Most men spend their entire lives not having to work this hard and get this frustrated to be with the one they love, he thought, half-asleep. Most men know their limitations, accept the lot they’ve been sorted into. They don’t chase after women who are spoken for. They don’t chase after women who belittle them, albeit lovingly, everyday. They don’t chase after the high-maintenance women who’ll have them running, both literally and figuratively, after them all the time.

“I have to tell you something too,” he said, drifting back in from sleep.

“What’s that?” she asked.

“I almost didn’t pick up the phone when I saw it was you calling.”

“That’s understandable.”

“Which is hogwash because ninety percent of me wanted to call you two weeks, hell, a month earlier. I just never did. I’m sorry, Breannie.”

“I probably wouldn’t have picked up if you had. Everything has a time and a place, you know? I think we were meant to make up that night in that way and there’s no use in fighting it.”

“There’s no fighting fate.”

“We’ll always be friends.”

“Except when we’re more,” he sighed.

“And the brief times we’re less. In the end, though, we always have that to rely on.”

He reached up to pinch her lower lip.

“You have a cute mouth. Did anyone ever tell you that?”

He tried to sleep after that. He slept for all of ten minutes before she woke him up again to say they were nearing the station.

“I think we’re back almost back to the O’Hare station. You need to get up.”

“Funny. It feels like I’ve been sleeping this entire way, but I got—what—maybe ten minutes of sleep altogether?”

“Blame the funny guy who kept trying to talk when he was supposedly trying to sleep.”

“Damn that guy!”

“It’s almost time to say good-bye to our little ‘ole train. Aren’t you sad? Don’t you just want to cry?”

“’I’ve got to go, but it’s important that I love you,’” he said, again echoing words he had said to him many years before.

“It’s important that I love you, did I tell you that? I think I told you that earlier. But if I didn’t, it is important. It’s important. And I want to tell you that so you can hear it from me.”

“Love me. Got it. Anything else?”

“Never leave me. I’ll never leave you.”

“Got it. Anything else?”

“I’ve got to go, but it’s important that I love you.”


“’And it’s important that you’re not drunk, right?’” she said, correctly remembering his response.

“’I’m Breanne and this is farewell, you know?’”

“It’s depressing you remember all that.”

“I always remember important moments. It’s not often that I make up with someone after that big of a fight.”

He also thought it’s not often you have the pleasure and the privilege to be this close to a star. Of course he needed to chase her. That was his dream. That was the dream of every person. When given the choice to remain rooted to the ground or seek the unknown beauty of the stars, humanity chose the stars. If he didn’t take that shot with her, if he settled for someone less than the imperfection she carried along with her then he’d regret it. He knew what it was like to be with people who weren’t her. He knew what it was like to have her married to somebody else. They both were unacceptable to him.
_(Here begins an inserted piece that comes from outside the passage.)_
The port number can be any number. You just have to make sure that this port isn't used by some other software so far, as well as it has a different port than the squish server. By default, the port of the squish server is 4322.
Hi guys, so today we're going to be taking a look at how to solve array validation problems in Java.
There was only one solution.

“Now when we get back, we’re going straight to sleep, right? I want you well rested if we really are going to jog tomorrow morning.”
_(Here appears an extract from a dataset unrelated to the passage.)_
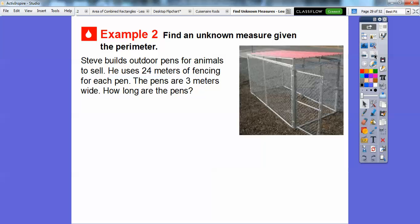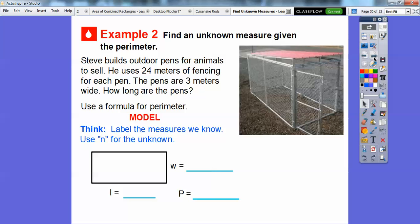Now here's a perimeter problem: finding an unknown measure given the perimeter. Steve builds outdoor pens for animals to sell. He uses 24 meters of fencing for each pen, and the pens are 3 meters wide. How long are the pens? So the perimeter is 24 meters, both widths are 3 meters, and we're looking for the length. We'll use N for the unknown length.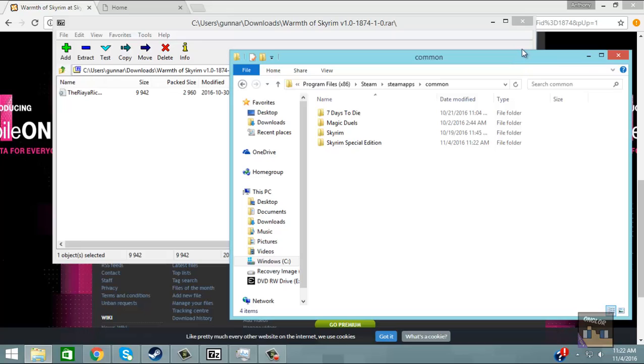Okay so for some reason the program I'm using absolutely refuses to record my Skyrim gameplay. So I'm going to use Fraps now to show you what it looks like in game.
“Whoa, whoa, whoa. I never said anything about jogging in the morning.”

“You’d rather be the guy crying on the edge of the road?”

“I’d rather not do it at all.”

It was true. He’d rather not be in love if it meant being in tears. He wished there was some way to give up all this heartache for good.
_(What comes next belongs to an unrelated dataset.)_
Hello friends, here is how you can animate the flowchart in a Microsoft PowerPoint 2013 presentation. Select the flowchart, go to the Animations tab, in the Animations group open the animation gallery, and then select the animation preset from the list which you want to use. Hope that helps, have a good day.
“I didn’t make a promise to you. You made a promise to me, remember, Eeyore?”

“Everybody makes promises. ‘But nobody minds. Nobody cares. Pathetic, that’s what it is.”

“I would think so much less of you if you started breaking promises now… and you don’t have that much further you can slide, you know?”

He felt the train come to a stop and watched the doors open.

Still, if he was in for heartache, if that was his fate, well, then he might as well go after the heartache that made him happy. He deserved that much.

“You just want to do me in and make it look like I died of exhaustion. I know your wicked ways. I’m onto you, Breannie. You don’t care about me at all, do you?”

They kissed briefly as they both rose from their seats.

“I don’t care about you?” she yawned. “Sugar, you’re the only thing I care about.”